● Work to complete: Without the pictures, restate all of the data below word for word.

*** Opening Dataset extract ***

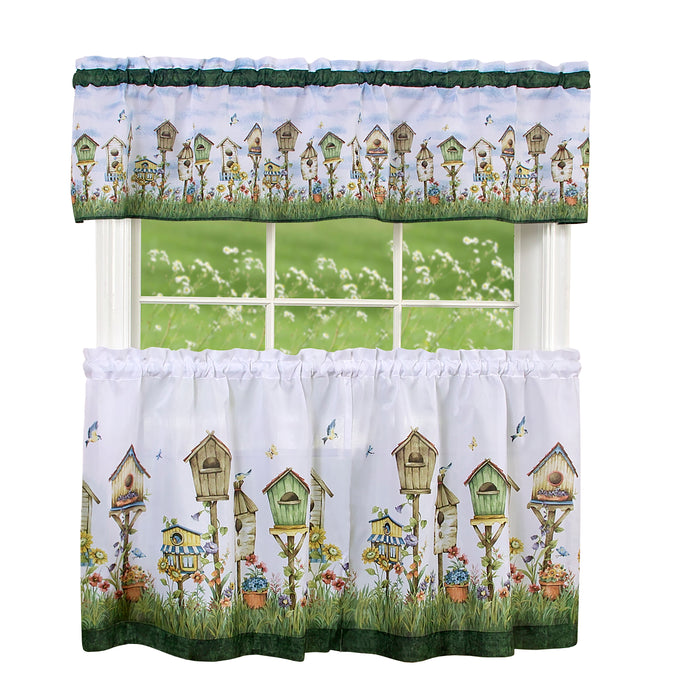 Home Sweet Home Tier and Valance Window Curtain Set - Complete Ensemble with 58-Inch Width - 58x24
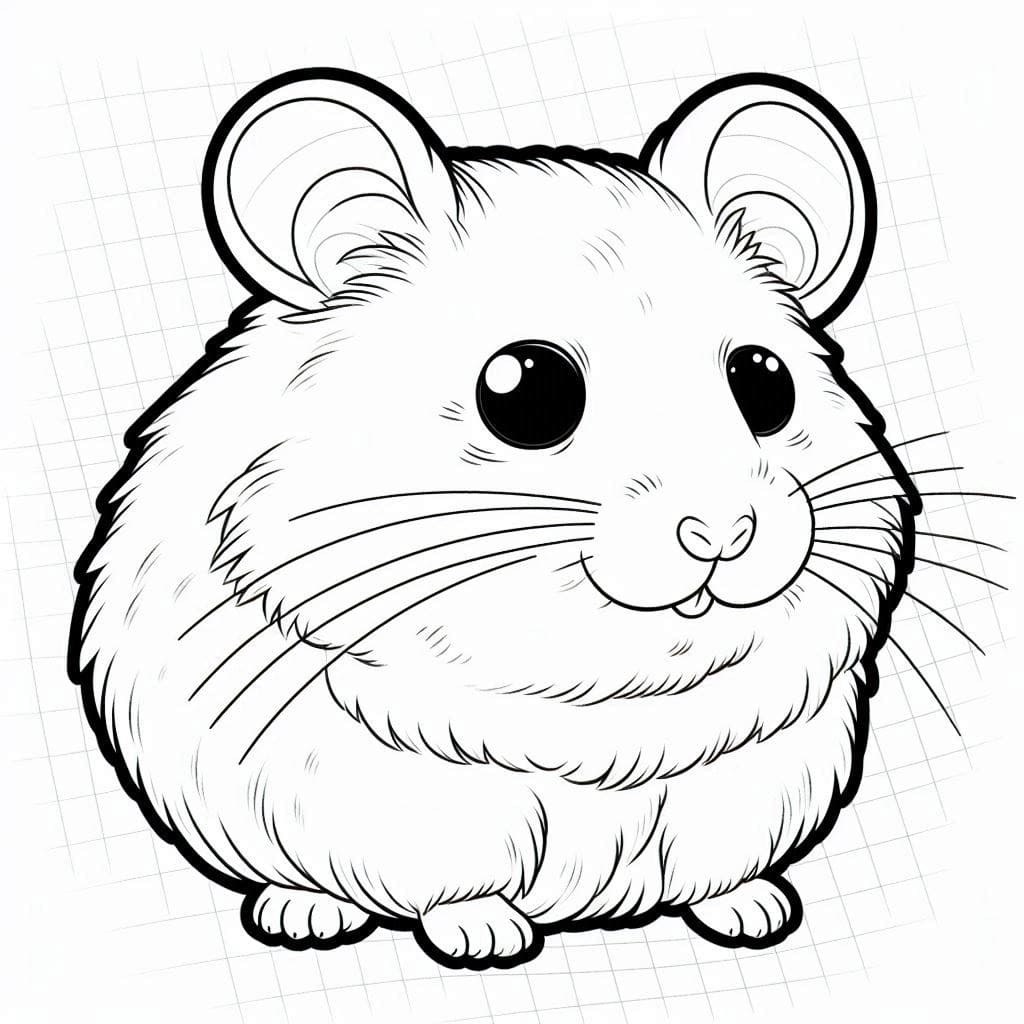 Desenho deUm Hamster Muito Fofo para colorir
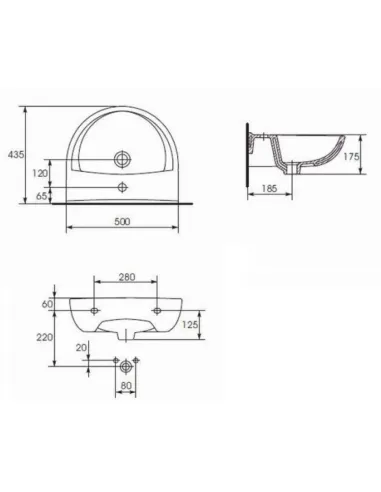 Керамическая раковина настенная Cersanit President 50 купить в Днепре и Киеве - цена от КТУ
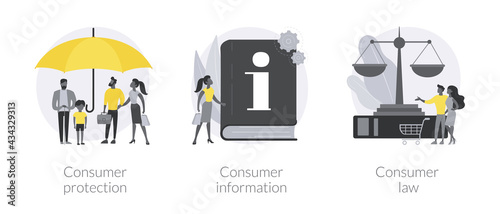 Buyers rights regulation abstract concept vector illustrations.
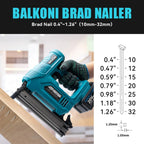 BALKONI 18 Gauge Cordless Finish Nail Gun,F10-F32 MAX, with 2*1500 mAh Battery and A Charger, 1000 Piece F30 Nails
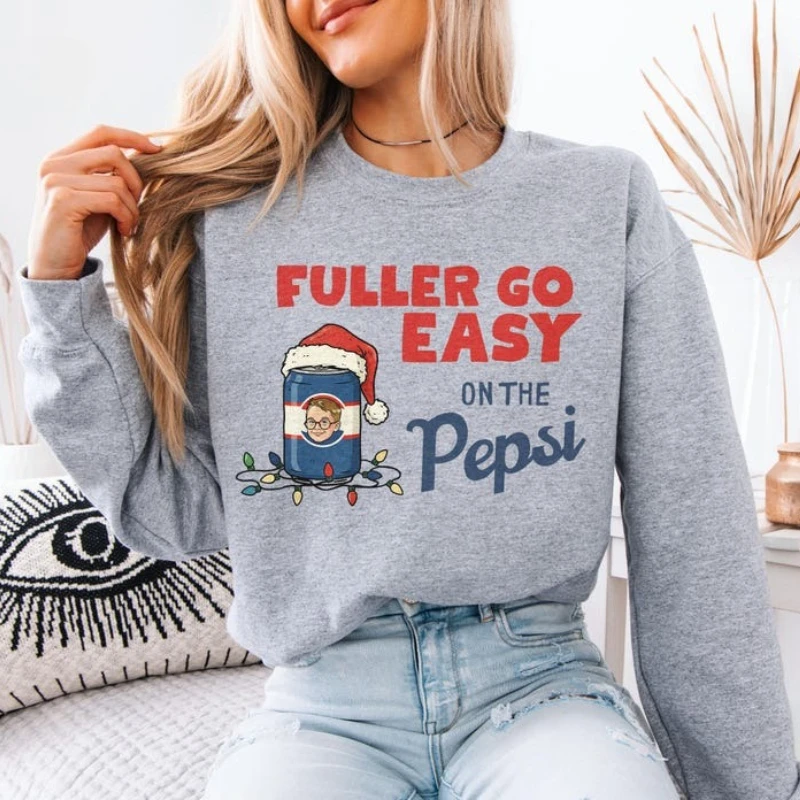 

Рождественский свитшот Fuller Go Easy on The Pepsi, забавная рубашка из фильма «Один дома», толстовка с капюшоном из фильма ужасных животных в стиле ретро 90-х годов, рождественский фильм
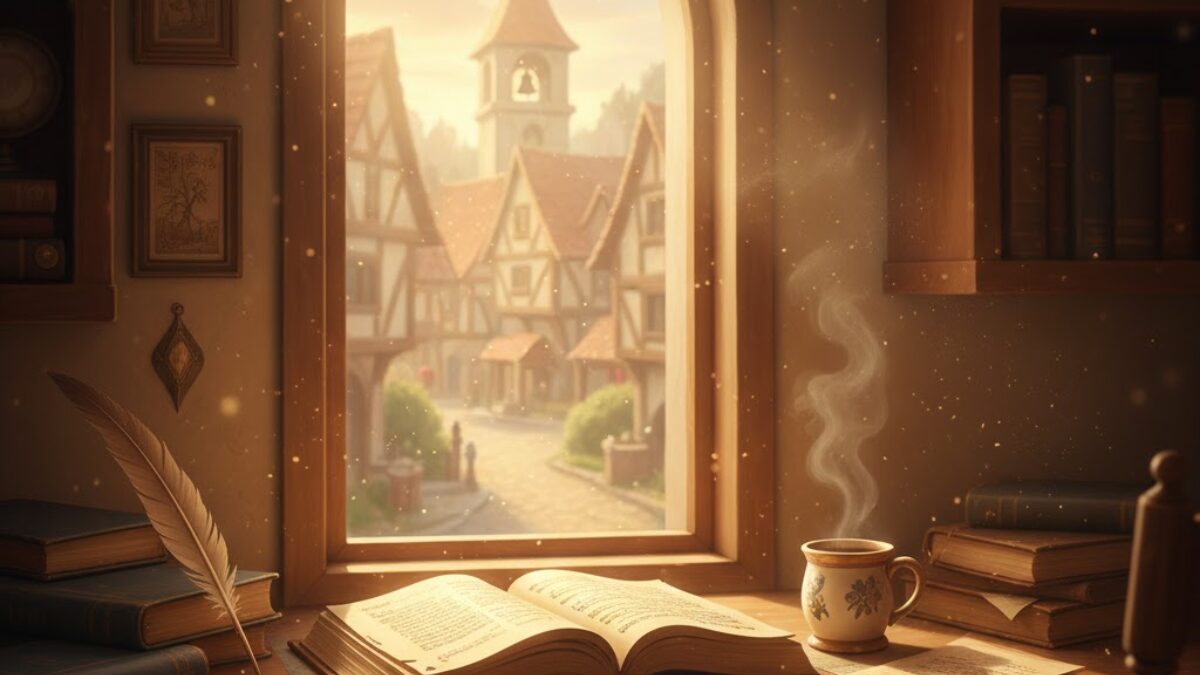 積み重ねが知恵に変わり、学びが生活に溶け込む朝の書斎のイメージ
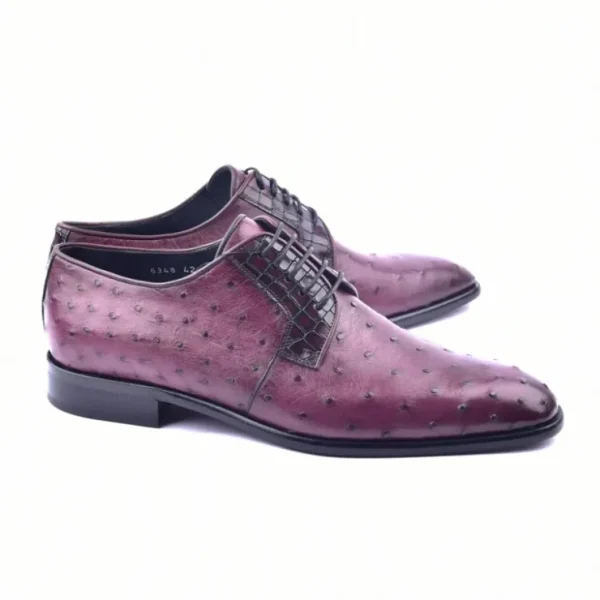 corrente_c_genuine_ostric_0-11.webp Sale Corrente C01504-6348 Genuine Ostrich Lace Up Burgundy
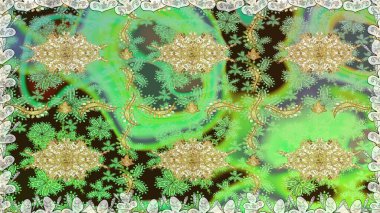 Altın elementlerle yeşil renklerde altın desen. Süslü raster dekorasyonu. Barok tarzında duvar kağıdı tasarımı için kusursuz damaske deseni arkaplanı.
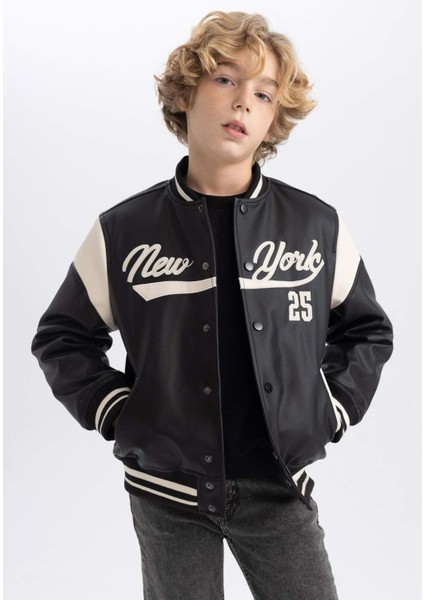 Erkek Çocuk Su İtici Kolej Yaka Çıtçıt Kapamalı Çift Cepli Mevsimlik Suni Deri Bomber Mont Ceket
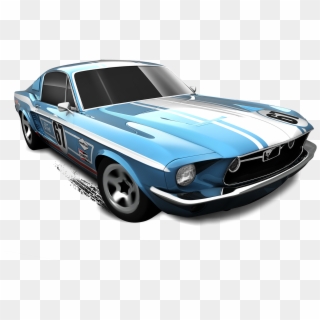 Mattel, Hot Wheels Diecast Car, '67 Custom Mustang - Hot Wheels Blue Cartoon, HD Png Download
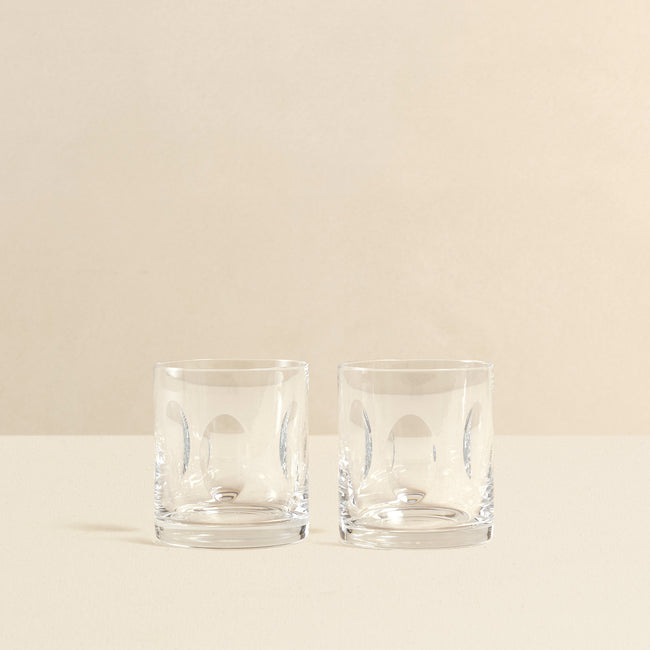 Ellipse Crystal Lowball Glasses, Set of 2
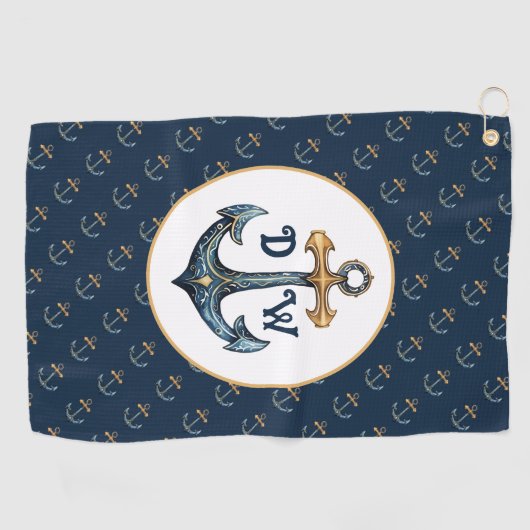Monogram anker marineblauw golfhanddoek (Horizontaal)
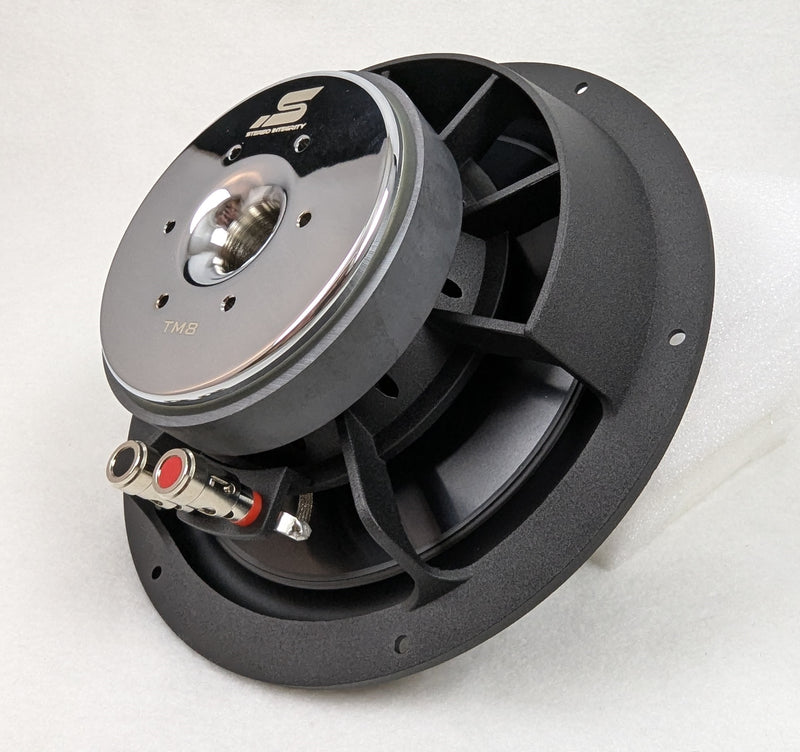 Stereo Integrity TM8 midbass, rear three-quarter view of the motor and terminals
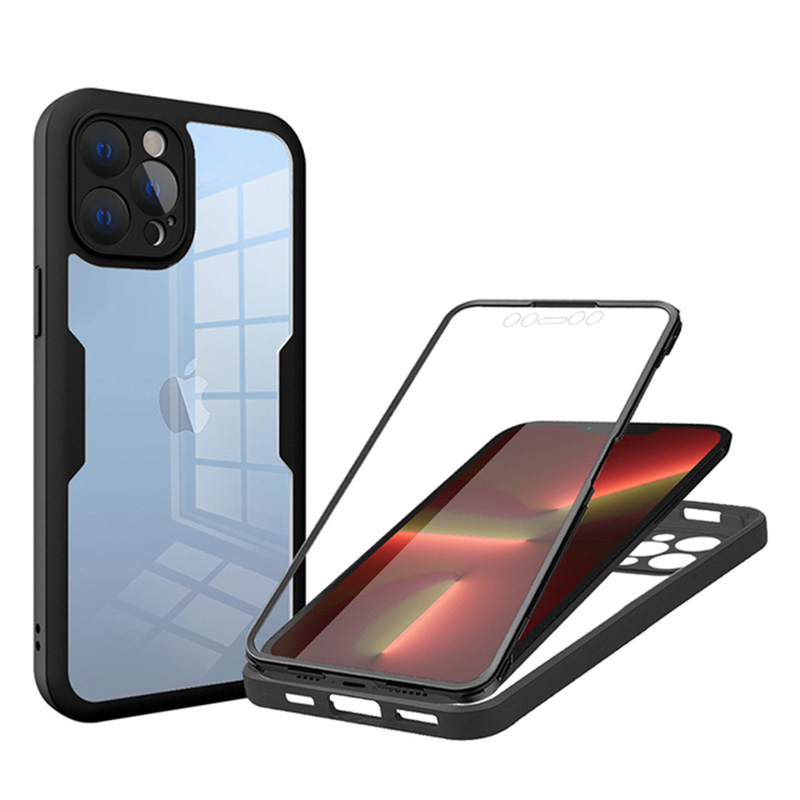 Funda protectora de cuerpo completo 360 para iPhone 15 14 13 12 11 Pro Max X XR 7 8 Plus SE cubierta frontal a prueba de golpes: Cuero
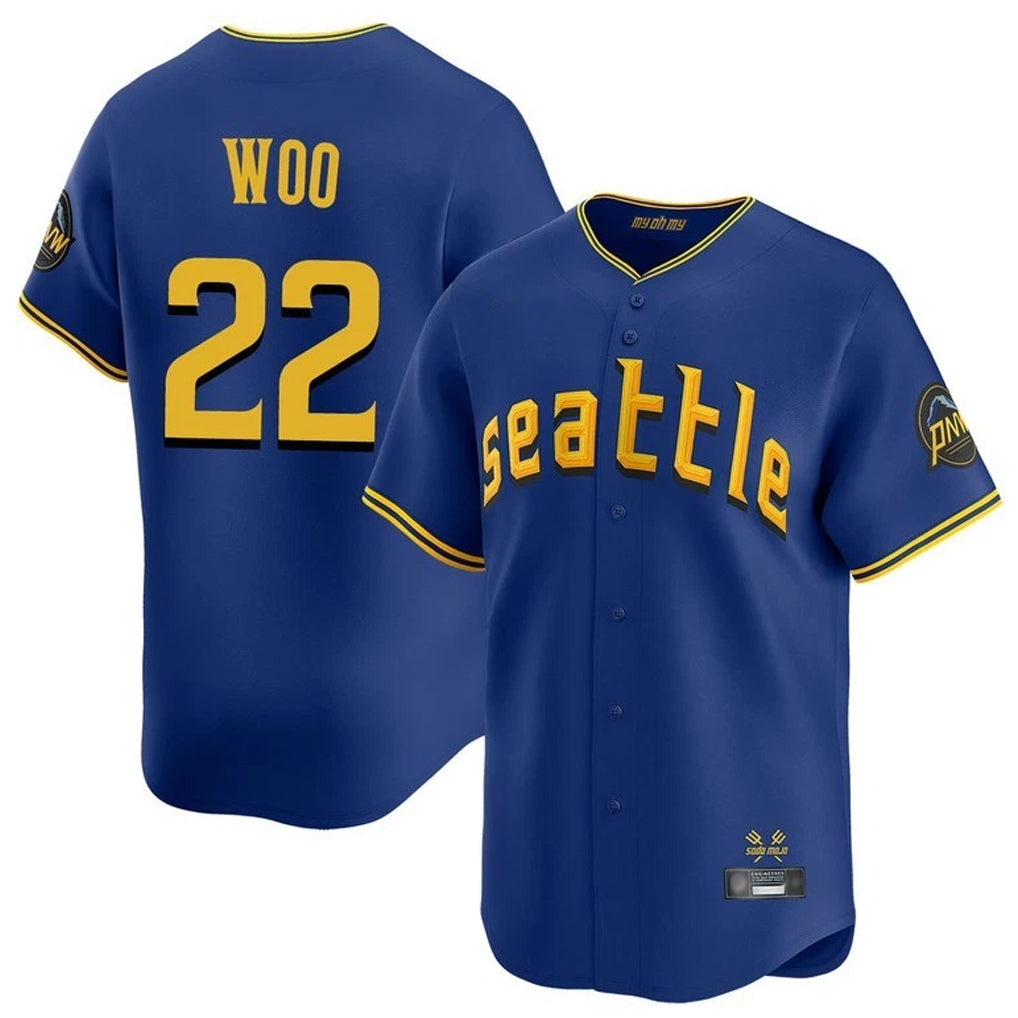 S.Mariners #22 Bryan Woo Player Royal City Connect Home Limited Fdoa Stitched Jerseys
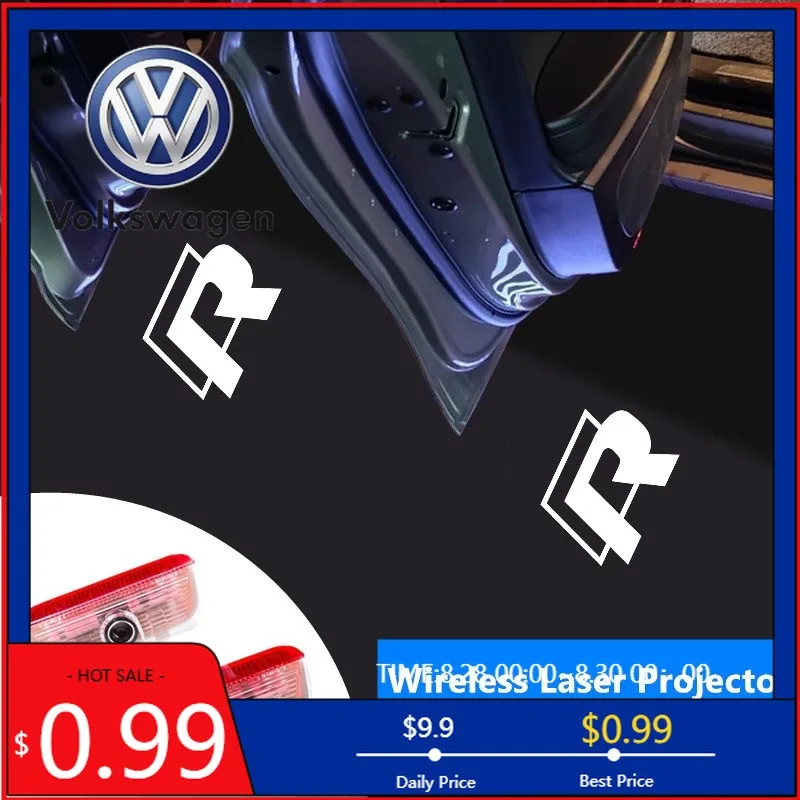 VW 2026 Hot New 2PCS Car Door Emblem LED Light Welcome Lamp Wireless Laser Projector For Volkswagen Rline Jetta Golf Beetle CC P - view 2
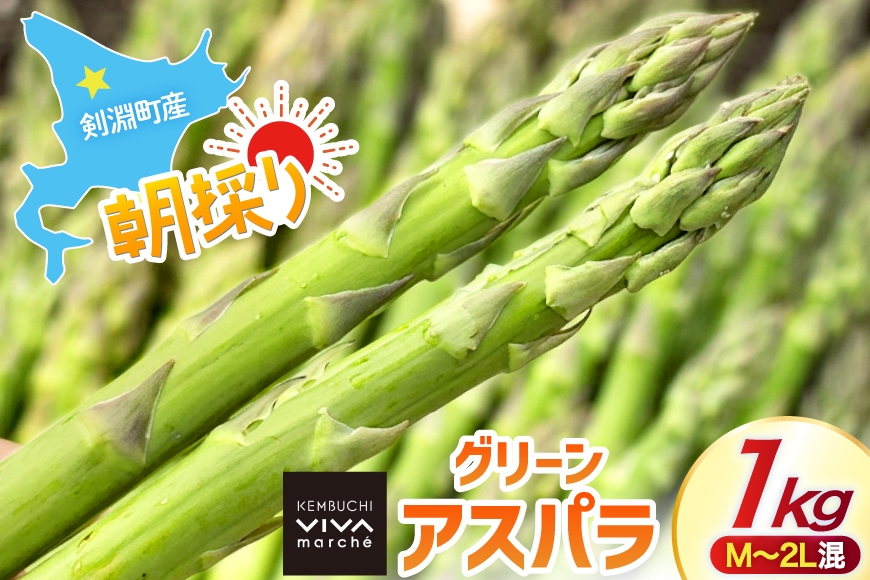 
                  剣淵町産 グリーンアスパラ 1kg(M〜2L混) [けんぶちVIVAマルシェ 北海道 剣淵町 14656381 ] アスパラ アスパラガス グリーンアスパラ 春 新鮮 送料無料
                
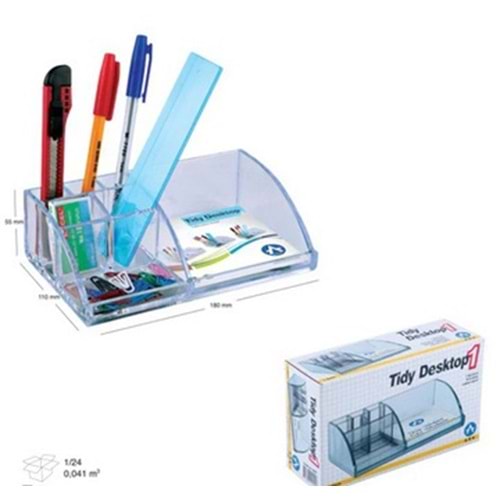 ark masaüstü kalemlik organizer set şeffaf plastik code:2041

*** Closing Dataset extract ***

● Answer area:
 Home Sweet Home Tier and Valance Window Curtain Set - Complete Ensemble with 58-Inch Width - 58x24
 Desenho deUm Hamster Muito Fofo para colorir
 Керамическая раковина настенная Cersanit President 50 купить в Днепре и Киеве - цена от КТУ
 Buyers rights regulation abstract concept vector illustrations.
 BALKONI 18 Gauge Cordless Finish Nail Gun,F10-F32 MAX, with 2*1500 mAh Battery and A Charger, 1000 Piece F30 Nails

Рождественский свитшот Fuller Go Easy on The Pepsi, забавная рубашка из фильма «Один дома», толстовка с капюшоном из фильма ужасных животных в стиле ретро 90-х годов, рождественский фильм
 積み重ねが知恵に変わり、学びが生活に溶け込む朝の書斎のイメージ
 corrente_c_genuine_ostric_0-11.webp Sale Corrente C01504-6348 Genuine Ostrich Lace Up Burgundy
 Altın elementlerle yeşil renklerde altın desen. Süslü raster dekorasyonu. Barok tarzında duvar kağıdı tasarımı için kusursuz damaske deseni arkaplanı.
 Erkek Çocuk Su İtici Kolej Yaka Çıtçıt Kapamalı Çift Cepli Mevsimlik Suni Deri Bomber Mont Ceket
 Mattel, Hot Wheels Diecast Car, '67 Custom Mustang - Hot Wheels Blue Cartoon, HD Png Download
 Ellipse Crystal Lowball Glasses, Set of 2
Monogram anker marineblauw golfhanddoek (Horizontaal)
 Stereo Integrity TM8 midbass, rear three-quarter view of the motor and terminals
 Funda protectora de cuerpo completo 360 para iPhone 15 14 13 12 11 Pro Max X XR 7 8 Plus SE cubierta frontal a prueba de golpes: Cuero
 S.Mariners #22 Bryan Woo Player Royal City Connect Home Limited Fdoa Stitched Jerseys
 VW 2026 Hot New 2PCS Car Door Emblem LED Light Welcome Lamp Wireless Laser Projector For Volkswagen Rline Jetta Golf Beetle CC P - view 2
                  剣淵町産 グリーンアスパラ 1kg(M〜2L混) [けんぶちVIVAマルシェ 北海道 剣淵町 14656381 ] アスパラ アスパラガス グリーンアスパラ 春 新鮮 送料無料
                
 ark masaüstü kalemlik organizer set şeffaf plastik code:2041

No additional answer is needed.